Brittney Dwyer calmly washed dishes only metres away from where her grandfather slowly bled to death.
An obsession with graveyards and "dark things" set a teenager on a macabre path which led her to murder her grandfather, an elderly pensioner who had treasured her as a child, her mother says.
Brittney Dwyer calmly washed dishes only metres away from where her grandfather, 81-year-old Robert Whitwell, slowly bled to death at his Adelaide home in early August last year.
Outside in a car, its engine still warm from the long drive from Brisbane, Dwyer's accomplice Bernadette Burns sat, applying makeup and sending text messages prompting Dwyer to "harden up" and commit murder, news.com.au reports.
Burns faces deportation to New Zealand once released from jail as she was born here and is not an Australian citizen.
Dwyer's mother and daughter of Whitwell, Tonya Dwyer, told Channel 7's Sunday Night that she had watched as her daughter grew from a bubbly child to a sullen teenager who self-harmed and was obsessed with violence and death.
She and her best friend Shelby Lee Holmes had a fascination with knives and violence which culminated in Dwyer stabbing and killing Whitwell.
"I think they are a little bit dark, as in they would do things in cemeteries and go to cemetery tours and dark things," Tonya Dwyer said.
"There were some things with blood and knives. I think they had a bit of an obsession with some dark stuff."
Holmes, also speaking to Sunday Night, denied the interest was any more than a typical teenage behaviour.
"It was just what any other normal teenager would be interested in, like horror movies and things like that," Holmes said. "Nothing alarming."

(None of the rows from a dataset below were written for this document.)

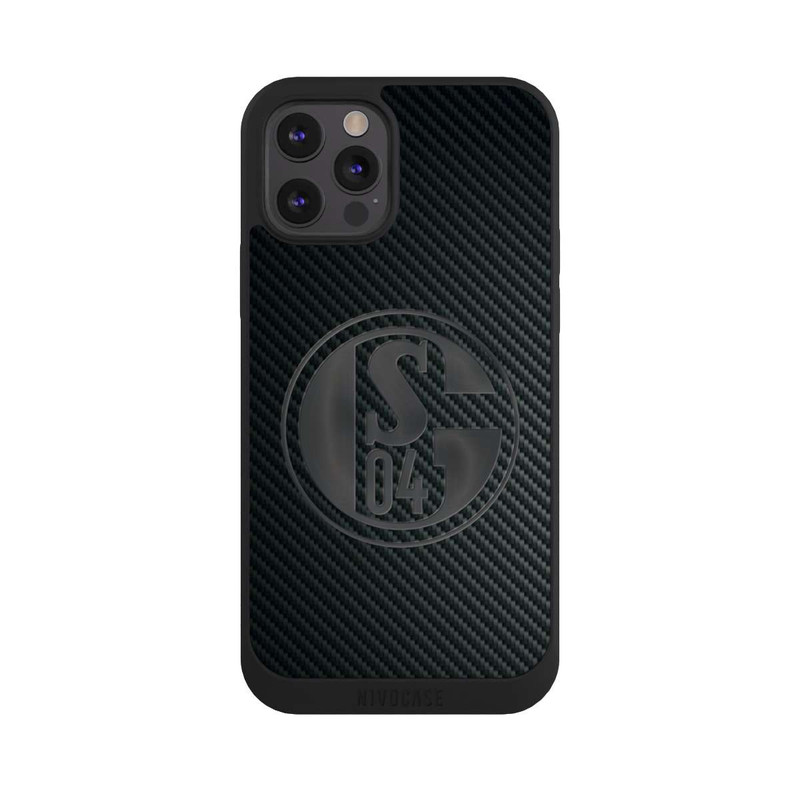 iPhone 12 Pro NIVOpure Schalke 04 Carbon Look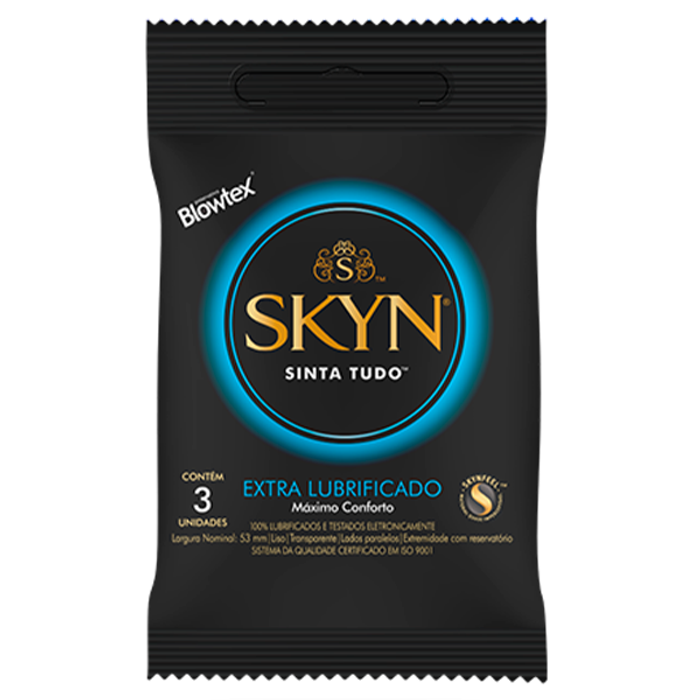 PRESERVATIVO SKYN LUBRIFICADO ULTRA FINO PCT 3UN - BLOWTEX PRESERVATIVO SKYN LUBRIFICADO ULTRA FINO PCT 3UN - BLOWTEX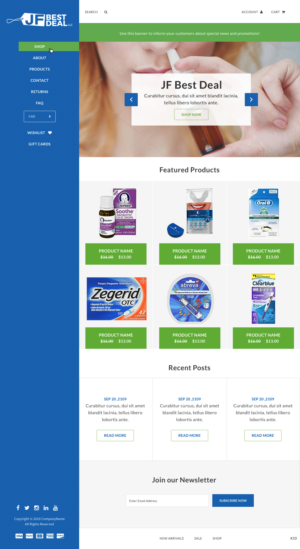 Design BigCommerce par pb pour JF BestDeal LLC | Design : #22513667
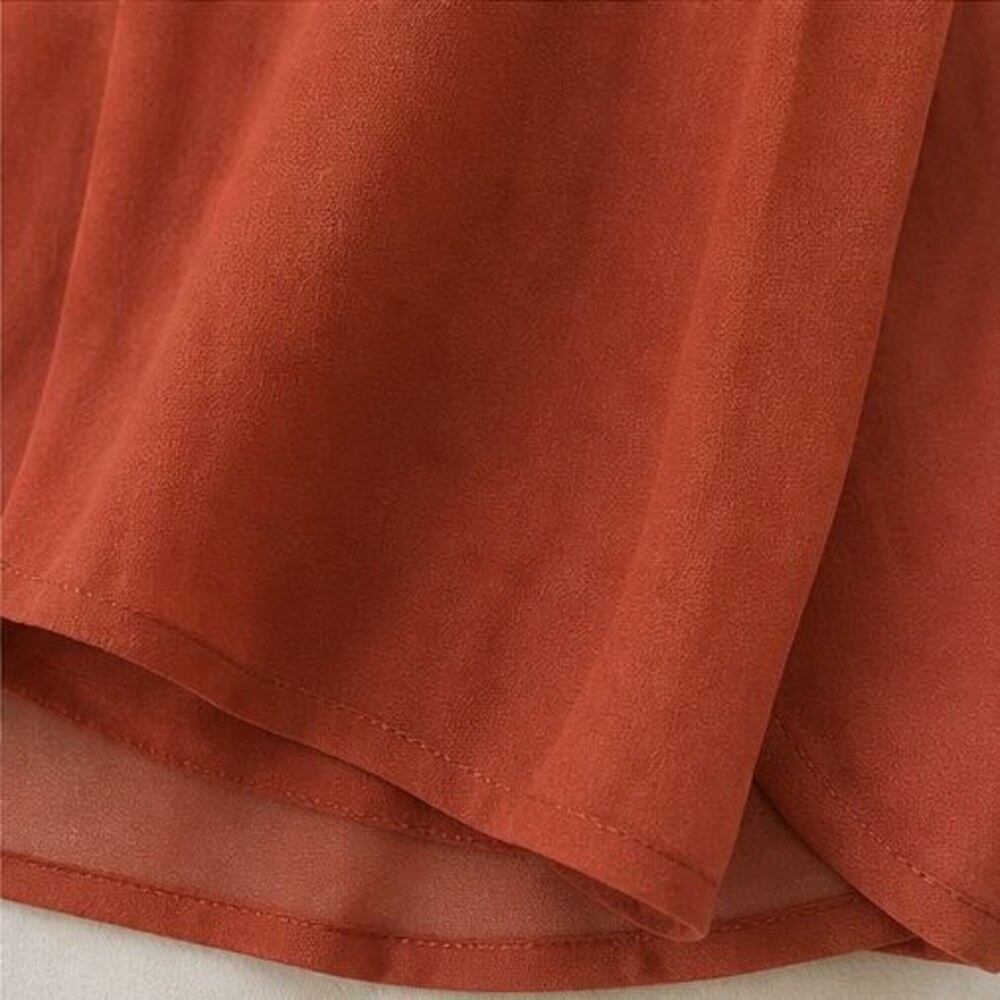 Rust Ruffle Blouse - Picture 6 of 6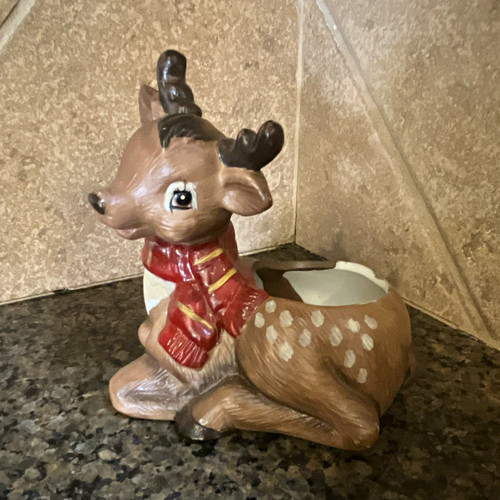 Ceramic christmas reindeer - ceramic,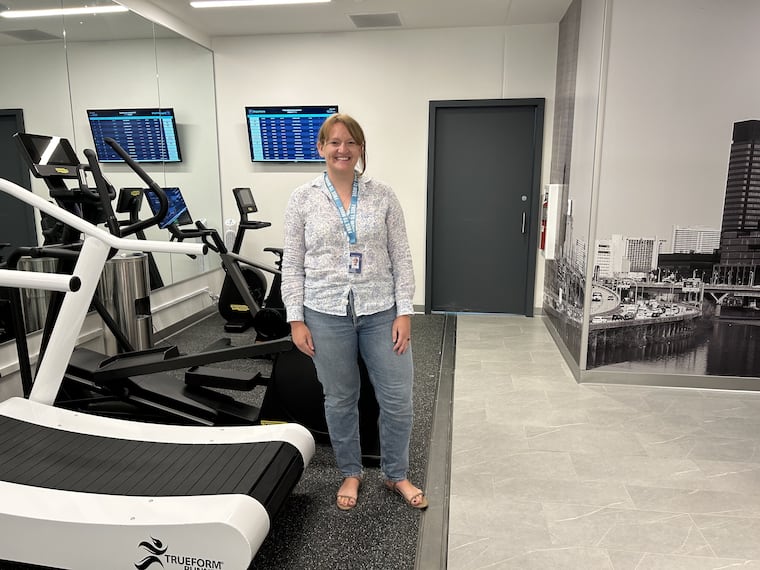 Cynthia Sandall, cofounder of Roam Fitness, a gym start-up company, just opened its newest location at PHL in Terminal F. 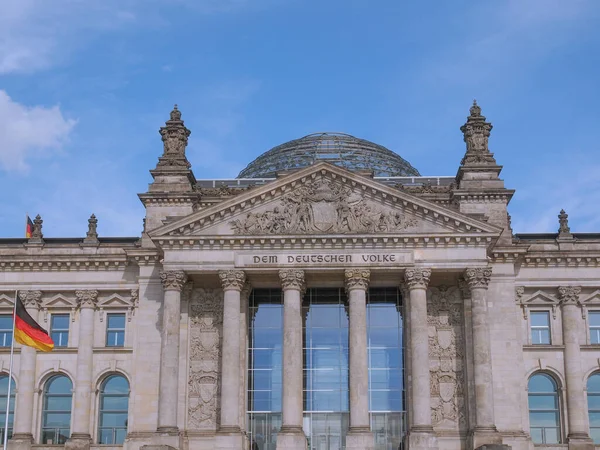 Reichstag Berlín Alemania — Foto de Stock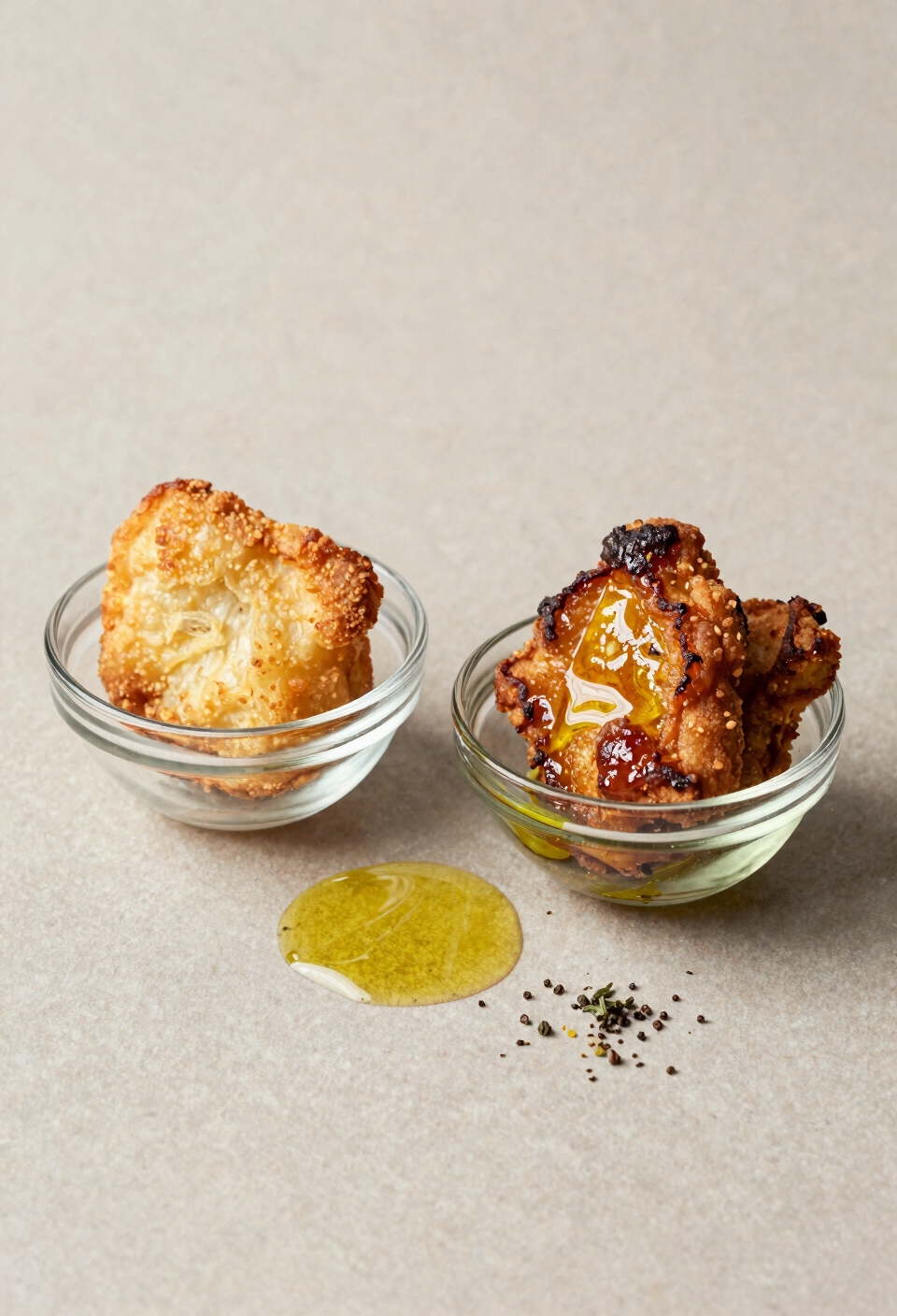 oil alters flavor intensity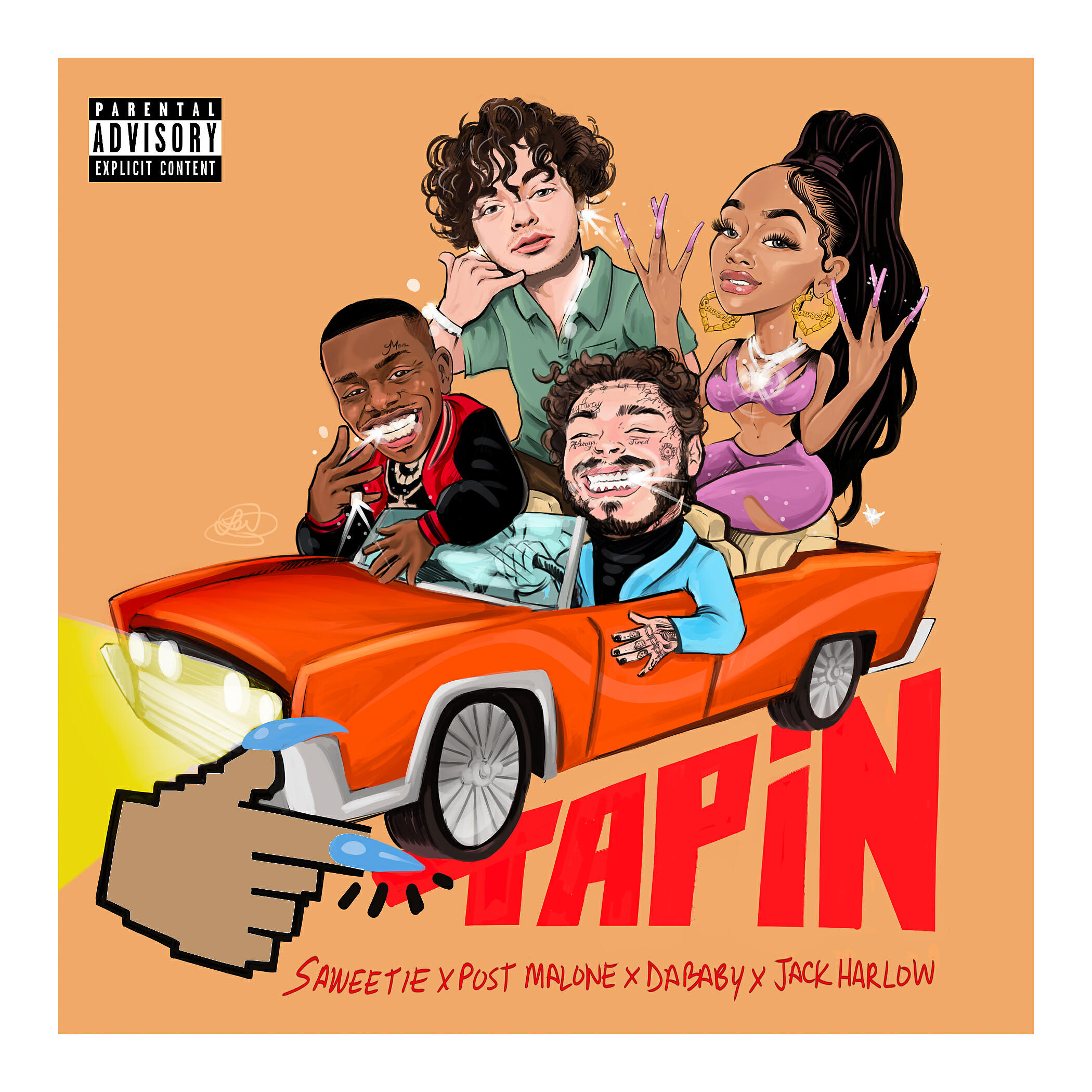 Релиз Tap In (feat. Post Malone, DaBaby & Jack Harlow)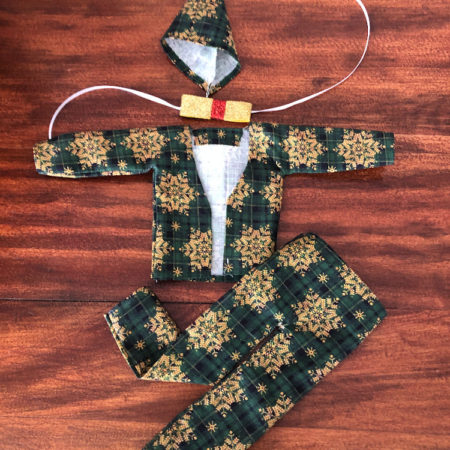 elf doll suit snowflake pattern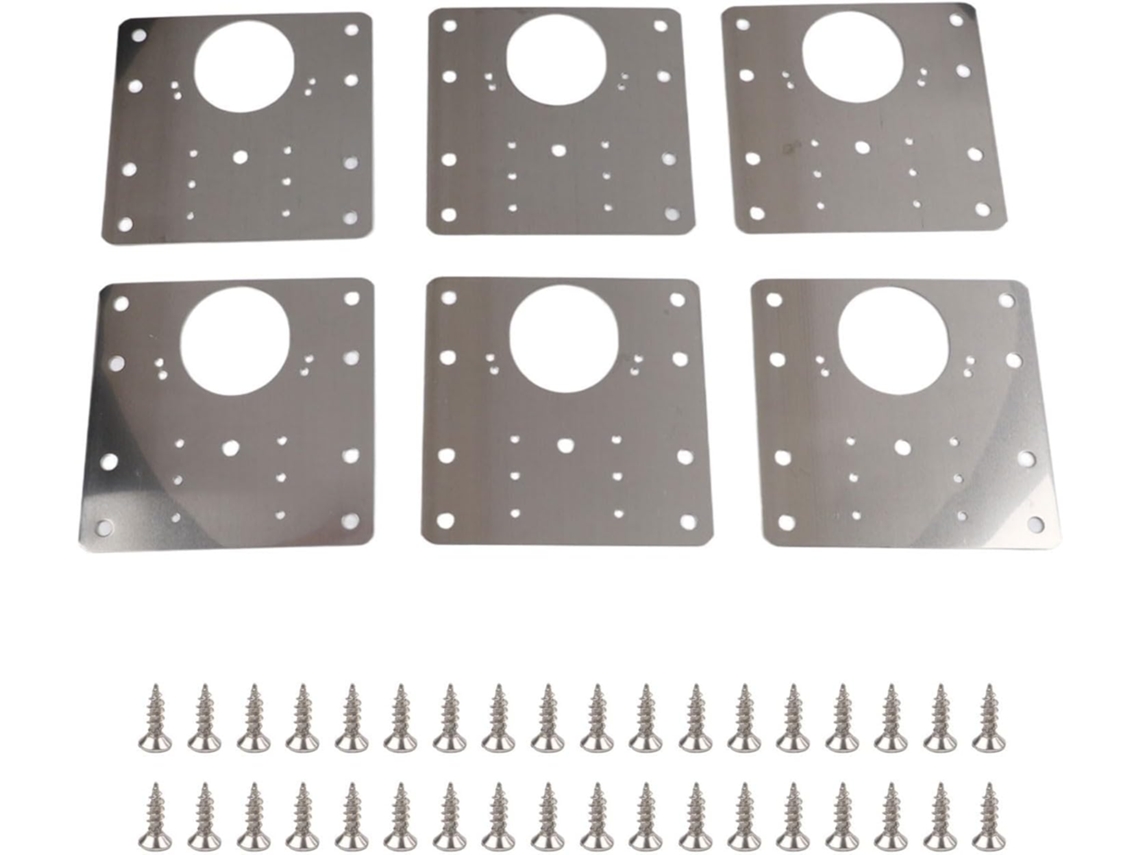 Conjunto De 6 Placas Reparo Para Dobradiças Armários Em Aço Inoxidável, Para Substituir Furos De Parafusos Quebrados Em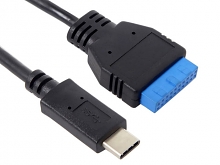 Type-C Male to USB 3.0 20-Pin Header Male Cable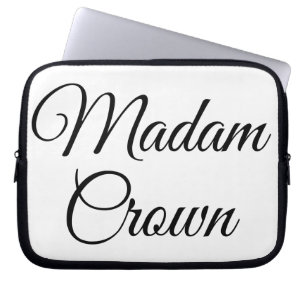 Mevrouw Crown Laptop Sleeve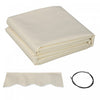 Outsunny 11' X 10' Retractable Awning Fabric Replacement Outdoor Sunshade Canopy Awning Cover, Uv Pr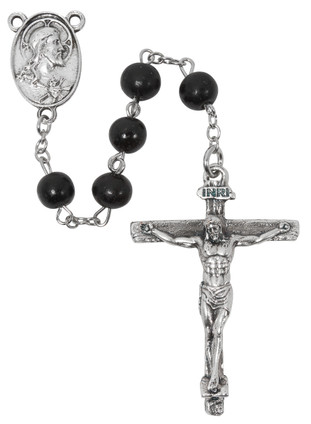 (P280R) BLACK WOOD SACRED HEART RSRY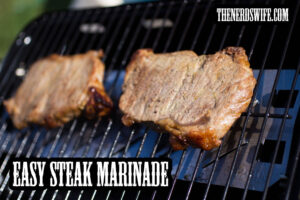 Easy Steak Marinade + Market Street Texas Beef #MarketStreetTX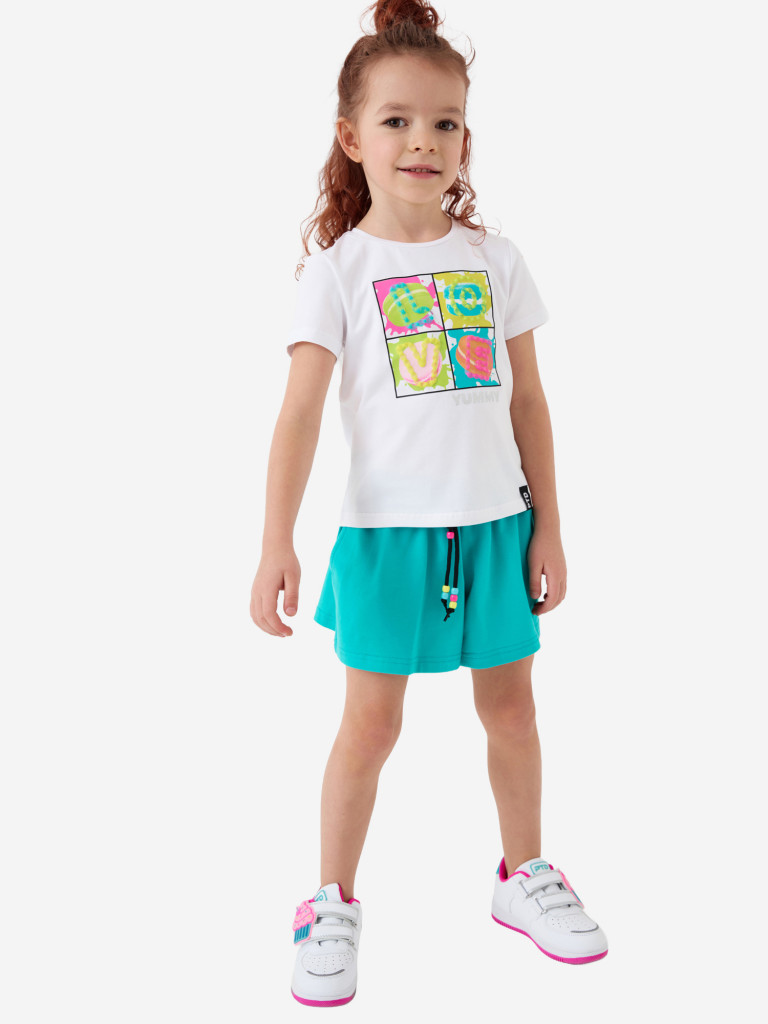 Комплект для девочек: футболка, шорты PlayToday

Tonya Dwyer said she was still "furious" with her daughter for making accusations Whitwell had sexually abused her as a child as a cover for a failed plot to steal his money which ended in murder.
"I was furious and that's the reason why I would still slap her in the face," she said. "All that anger that is inside."
Holmes had accompanied Dwyer on the long drive from Brisbane to Adelaide in April 2016 in an attempt to steal more than A$100,000 Whitwell had hidden in his garden shed.
The attempt failed with the pair escaping empty-handed but not before Dwyer warned that her grandfather "might have to die" if they were to get the money.
Four months later Dwyer was back on the road to Adelaide, this time with 22-year-old Burns who was in a self-destructive cycle after losing custody of her young daughter.
Wearing gloves and concealing a knife Dwyer knocked on Whitwell's door.
They spent some time together before Dwyer stabbed him several times to the neck as they were heading to the front door.
He bled to death, despite a token plaster Dwyer applied before going to the sink to do the dishes.
Dwyer and Burns left Adelaide with a little over A$1000 in cash after having once again failed to find the life savings.
Dwyer drove straight from Adelaide to her mother's house in Brisbane where she had only just learnt of the fate of her father.
"Little did I know she was still driving back from Adelaide," Tonya Dwyer said.
"I told her the police have just rung and Poppa has just passed away. She just burst into tears, hysterically burst into tears.
"I said I need to you come with me and fly down to Adelaide."
In the days that followed Dwyer grieved alongside the family of the man she had murdered with her mother only thinking that her chain-smoking during that time was out of character.